• _Assignment_:
Could you retype the entries below exactly, omitting every picture?

[Records from a collection]
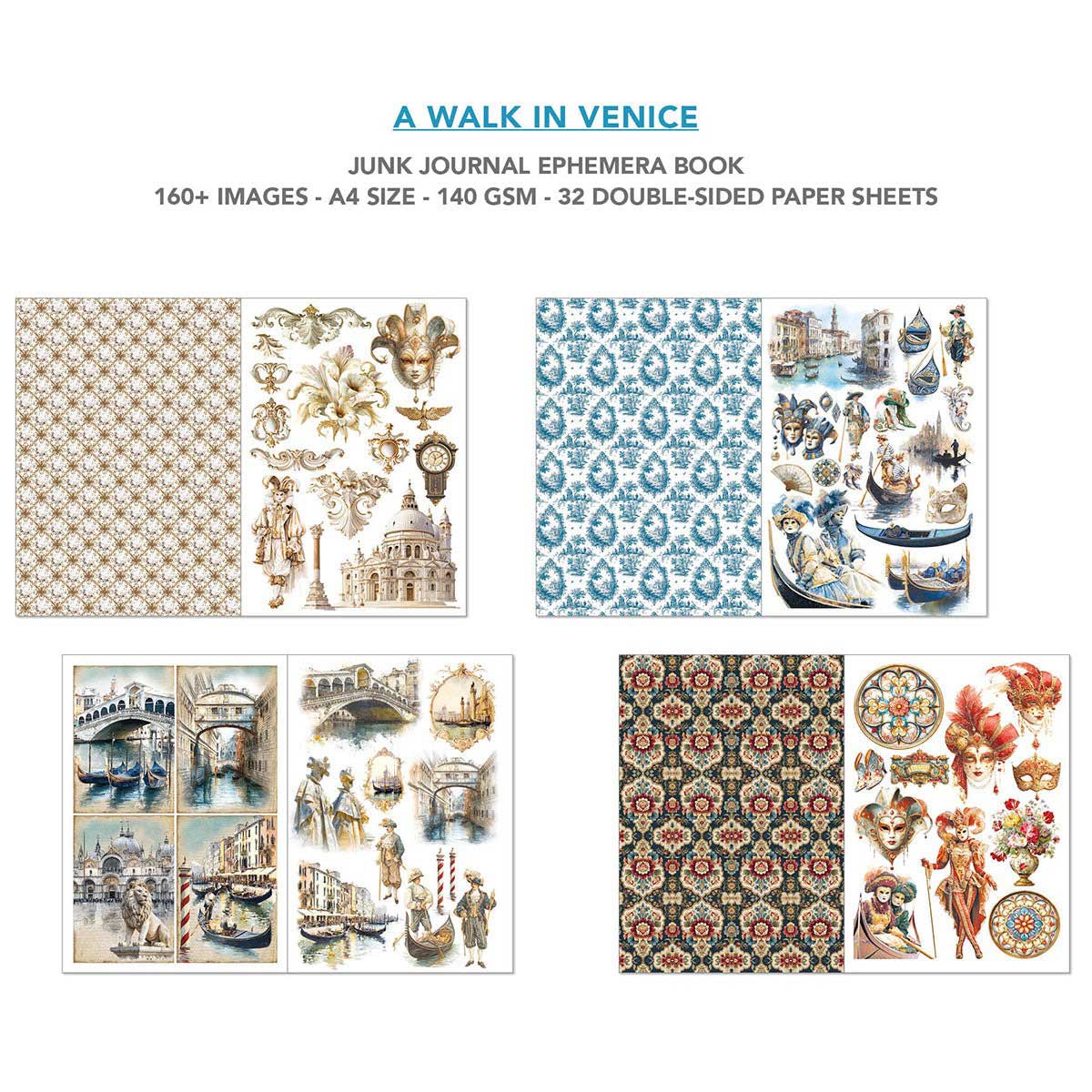 Ciao Bella A4 Junk Journal & Ephemera Book - A Walk In Venice [CBB023] - Image 4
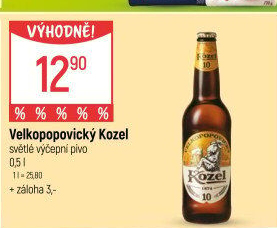 Pivo světlé výčepní 10°Velkopopovický Kozel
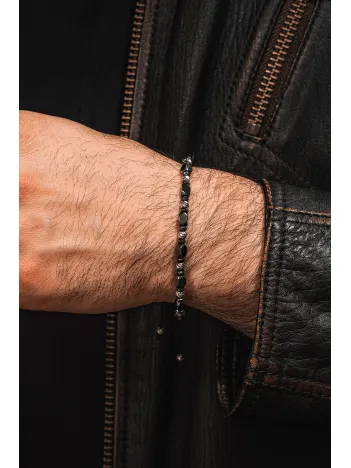 Siyah Hematit Taşlı Gümüş Detaylı Ayarlanabilir Erkek İp Bileklik - Model 9
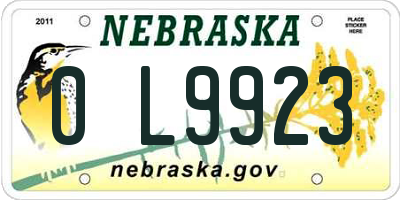 NE license plate 0L9923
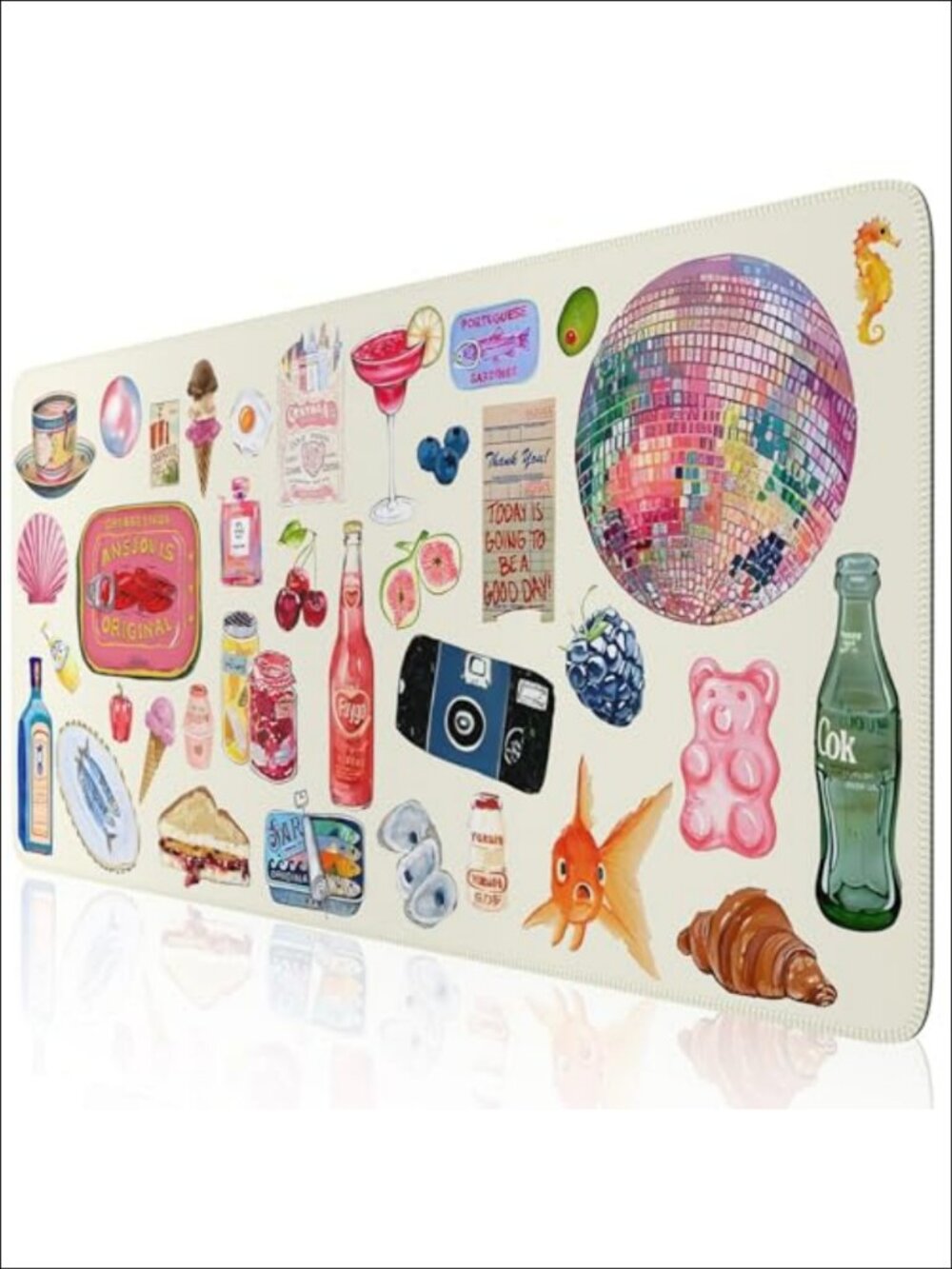 Large Desk Mat Mouse Pad Lycra Rubber Watercolor Sticker 35.4x15.7in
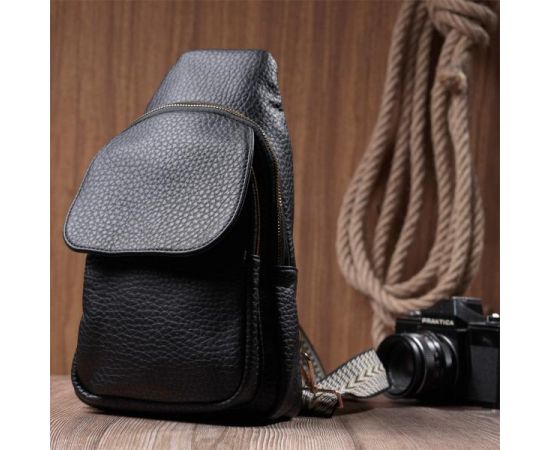 Купить Удобная женская сумка с одной лямкой через плечо из крупнозернистой экокожи Vintage 22763 Черный, фото , изображение 10, характеристики, отзывы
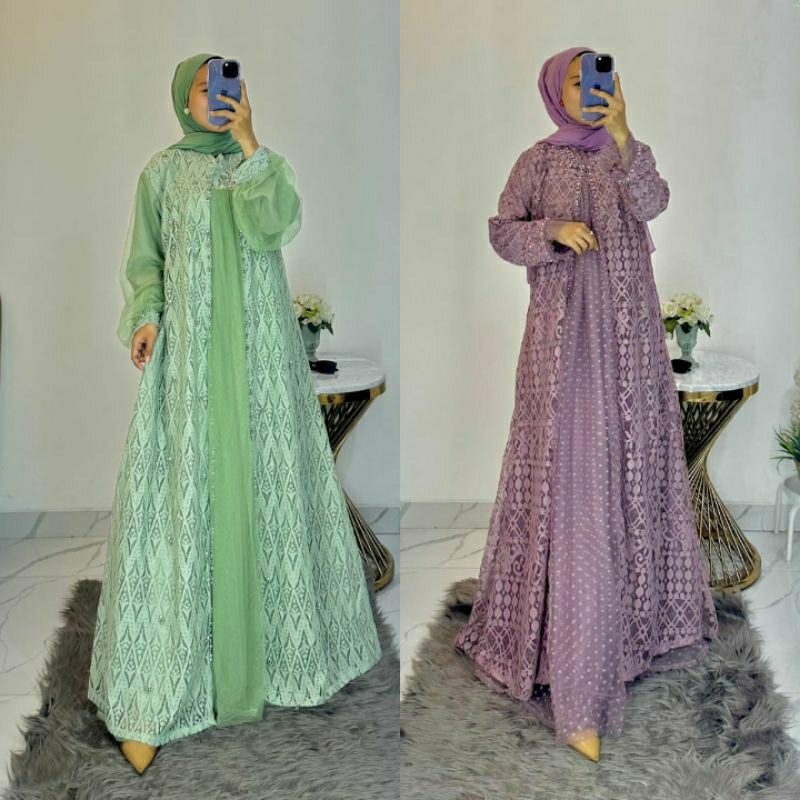 RALEA DRESS BRUKAT IMPORT/DRESS SAGE GREEN/DRES BRUKAT TILE FURING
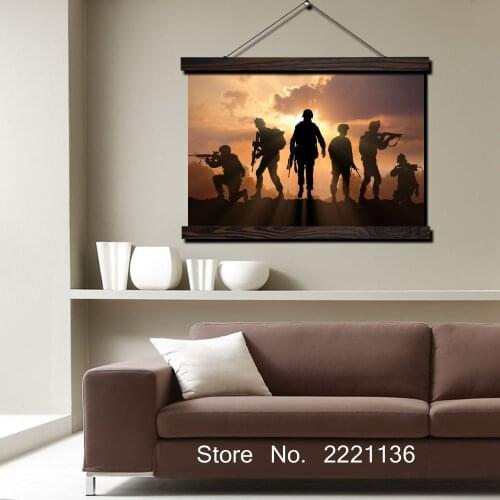 Sunset Soldiers HD Print Scroll Paintings Wall Art Printed Hanging Framed Canvas Painting Modern Home Decoration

• _Written response_:
 Ciao Bella A4 Junk Journal & Ephemera Book - A Walk In Venice [CBB023] - Image 4
 Pivo světlé výčepní 10°Velkopopovický Kozel
 Siyah Hematit Taşlı Gümüş Detaylı Ayarlanabilir Erkek İp Bileklik - Model 9
 NE license plate 0L9923
 Large Desk Mat Mouse Pad Lycra Rubber Watercolor Sticker 35.4x15.7in
 Купить Удобная женская сумка с одной лямкой через плечо из крупнозернистой экокожи Vintage 22763 Черный, фото , изображение 10, характеристики, отзывы
 RALEA DRESS BRUKAT IMPORT/DRESS SAGE GREEN/DRES BRUKAT TILE FURING
 Sunset Soldiers HD Print Scroll Paintings Wall Art Printed Hanging Framed Canvas Painting Modern Home Decoration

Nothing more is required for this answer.